Like the embodiment shown in FIG. 1-2, ring 142 may be secured to
the inner wall surface of housing 132 by attachment members such as
threads (not shown) or gripping members (not shown). Alternatively,
as illustrated in FIGS. 3-4, ring 142 may be formed integral, i.e.,
part of the same structure, as housing 132. Due to ring 142 being
deformable, seat 144 is a collapsible seat that, as discussed in
greater detail below, bends inwardly when plug element 170 is
landed on seat 144.
[0036] In the embodiment of FIGS. 3-4, seat 144 has a Y-shape with
upper flange portion 143. Seat 144 also has a first position (FIG.
3) defining seat inner diameter 146 and a second, or collapsed,
position (FIG. 4) defining a second seat inner diameter. Second
seat inner diameter is shown in FIG. 4 has having a measurement of
0 because it has been eliminated by the collapse of seat 144
completely bore 134.
[0037] Seat 144 is formed out of a material that is bendable at
bend points 148. In the specific embodiment shown, bend points 148
are "C-shaped" or scallop-shaped to promote bending at specific
pre-determined points identified at bend points 148. Bend points
148 may have other shapes as desired or necessary to facilitate
bending at specific locations. In one specific embodiment, not
shown, ring 142 includes one or more grooves (not shown) to
facilitate movement of ring 142 and, thus, seat 144, to the
collapsed position (FIG. 4).
[0038] To provide sufficient rigidity in the run-in position (FIG.
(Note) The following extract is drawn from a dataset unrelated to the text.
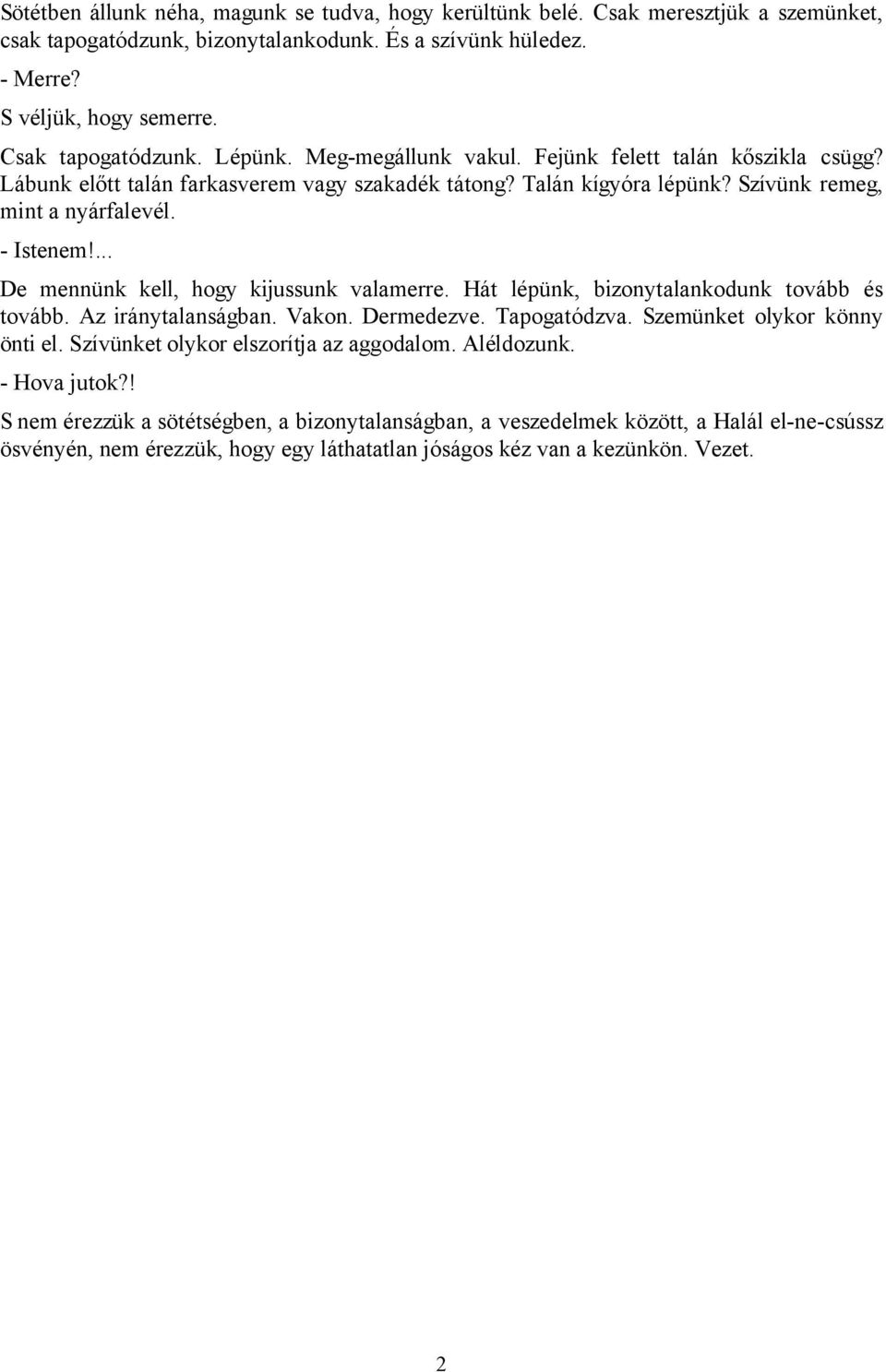 - Istenem!... De mennünk kell, hogy kijussunk valamerre. Hát lépünk, bizonytalankodunk tovább és tovább. Az iránytalanságban. Vakon. Dermedezve. Tapogatódzva. Szemünket olykor könny önti el.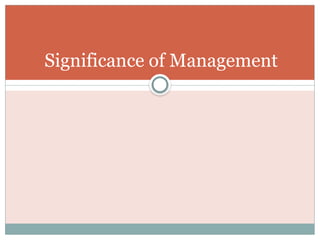 Significance of Management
3), yet facilitate bending or collapsing into set or collapsed
position (FIG. 4), ring 142 may be formed of any of the materials
listed above with respect to ring 42.
[0039] As shown in FIGS. 3-4, seat 144 includes plug element
engagement surface 145 for engaging plug element 170 (FIG. 4). In
one particular embodiment (not shown), engagement surface 145 is
reciprocally shaped to the shape of plug element 170 (shown in FIG.
4 as a ball). Thus, in such an embodiment, plug element 170 is
spherically-shaped and seat 144 includes engagement surface 145
that is arc shaped (not shown). As mentioned above, however,
although plug element 170 is shown as a ball in FIG. 4, it is to be
understood that plug element 170 may be a drop plug, dart, or any
other plug element known to persons of ordinary skill in the
art.
[0040] In another embodiment, plug element engagement surface 145
may include a rubber or polymer or elastomer coating layer 150 to
facilitate plug element 170 engaging with seat 144. The coating may
be a deformable element such as those discussed above with respect
to FIGS. 1-2 or simply a non-slip coating applied to plug element
engagement surface 145.
[0041] In one operation of this embodiment, ball seat 130 is
disposed in a string of conduit with a downhole tool (not shown),
such as a packer or a pressure activated sleeve located above ball
seat 130. The string of conduit is run-in a wellbore until the
string is located in the desired position. Plug element 170 is
dropped down the string of conduit and landed on seat 144 and, in
particular, into engagement with engagement surface 145. Fluid,
such as hydraulic fluid, is pumped down the string of conduit
causing downward force or pressure to act on plug element 170. When
the pressure or downward force of the fluid above seat 144 reaches
a certain, usually predetermined, pressure, seat 144 collapses due
to ring 142 bending at bend points 148. Thus, ring 142 extends
inward toward axis 136 to restrict fluid flow through bore 134. As
seat 144 collapses, bore 134 is restricted by seat 144.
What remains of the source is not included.